* Work instructions
Every entry should be returned unchanged, with the pictures omitted.

=== Section Start ===

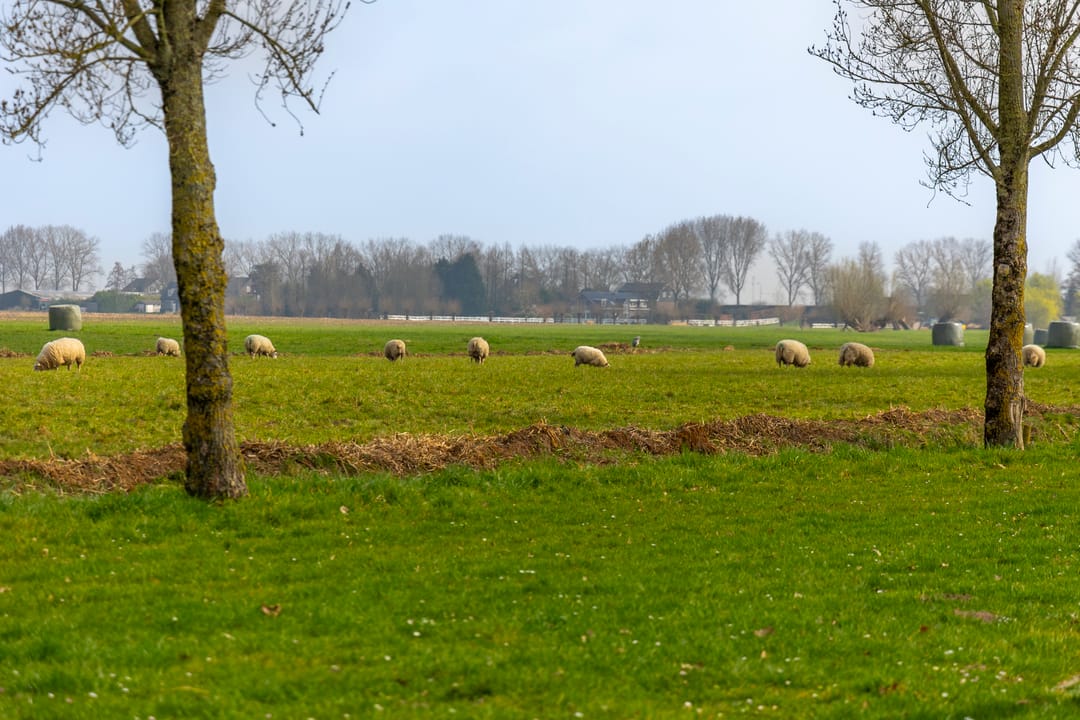 Foto 38 van 't Hoog 22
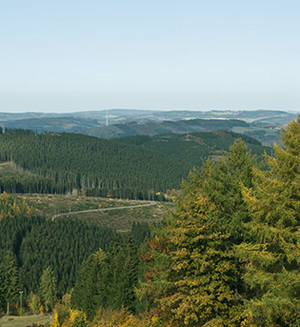 Rund um Lennestadt-Altenhundem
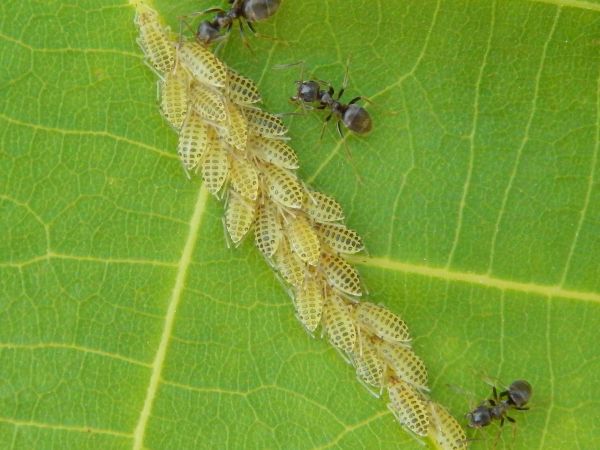 Strom&aacute;rka orechov&aacute;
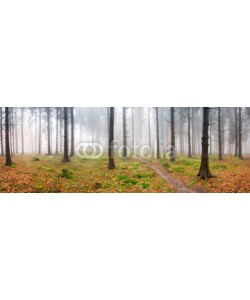 eyetronic, Nebel im Wald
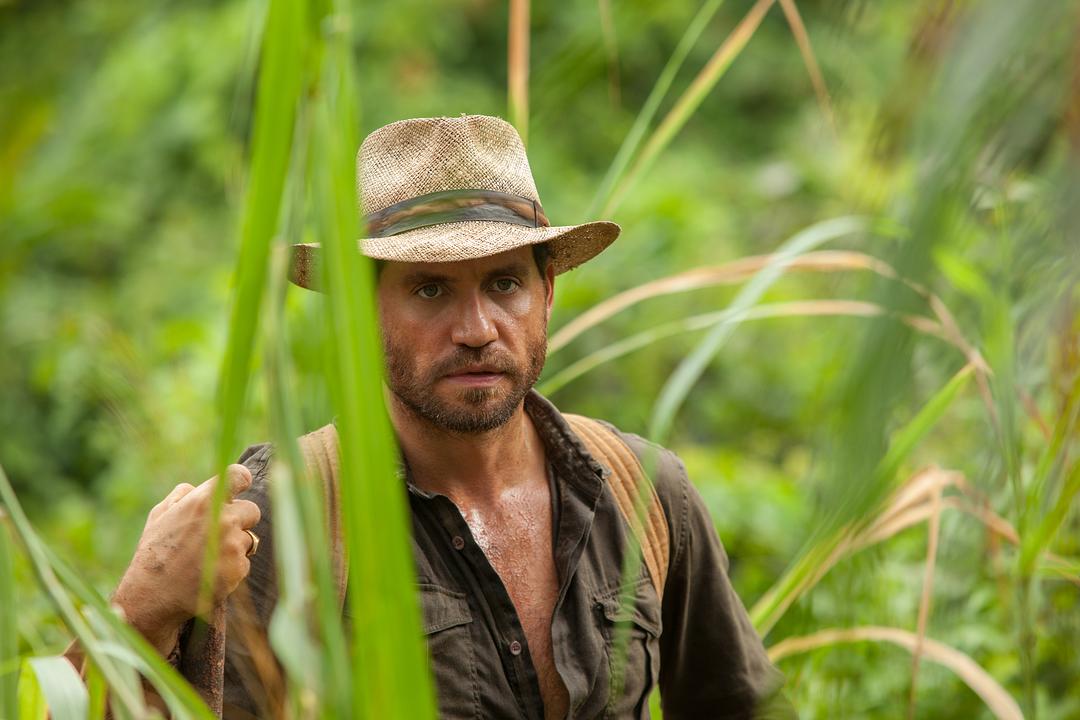 《金矿》-高清电影-完整版在线观看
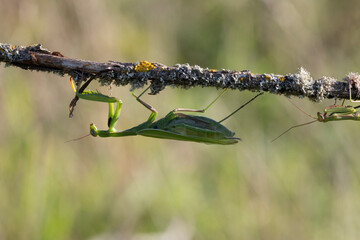 Europäische Gottesanbeterin (Mantis religiosa)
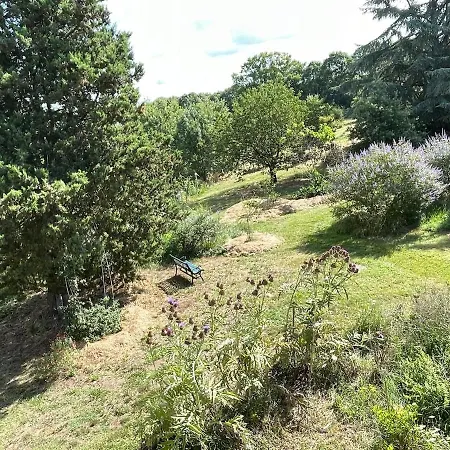 Apartament L'onagre Du Chant Du Buc, De Standing, Piscine D'exception, Vaste Jardin Marssac-sur-Tarn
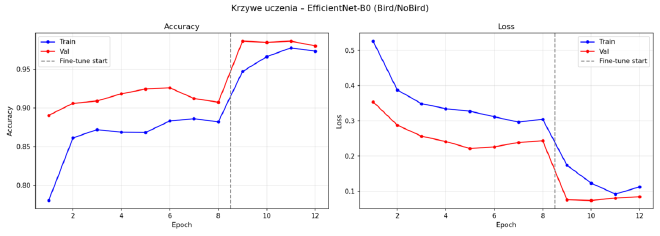 Krzywe uczenia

=== Section End ===

* Reply
 Foto 38 van 't Hoog 22
 Rund um Lennestadt-Altenhundem
 Strom&aacute;rka orechov&aacute;
 eyetronic, Nebel im Wald
 《金矿》-高清电影-完整版在线观看
 Europäische Gottesanbeterin (Mantis religiosa)
 Apartament L'onagre Du Chant Du Buc, De Standing, Piscine D'exception, Vaste Jardin Marssac-sur-Tarn
 Krzywe uczenia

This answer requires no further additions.